INFORMATION PROVIDED:
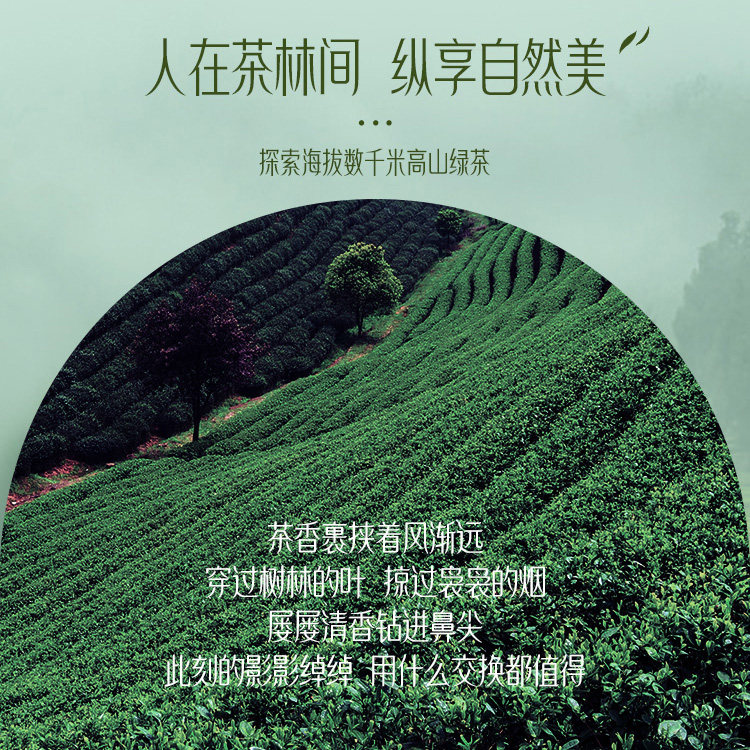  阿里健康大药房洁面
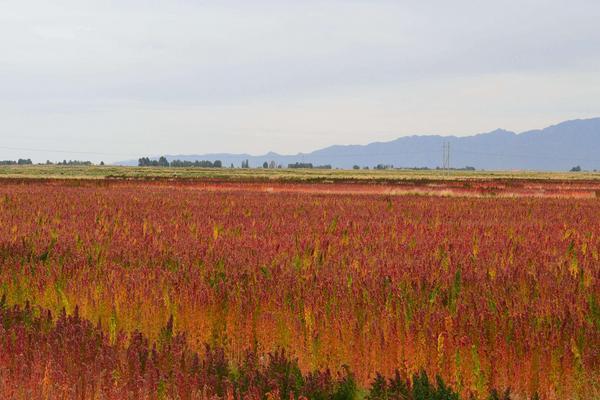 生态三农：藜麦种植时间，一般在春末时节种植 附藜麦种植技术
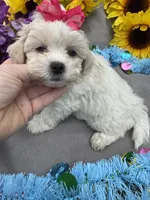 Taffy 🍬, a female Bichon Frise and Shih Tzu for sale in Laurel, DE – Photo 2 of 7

WHAT YOU ARE ASKED TO DO: Once the pictures are set aside, the remaining data must be transcribed exactly.

PROBLEM SOLUTION:
  阿里健康大药房洁面
 生态三农：藜麦种植时间，一般在春末时节种植 附藜麦种植技术
 Taffy 🍬, a female Bichon Frise and Shih Tzu for sale in Laurel, DE – Photo 2 of 7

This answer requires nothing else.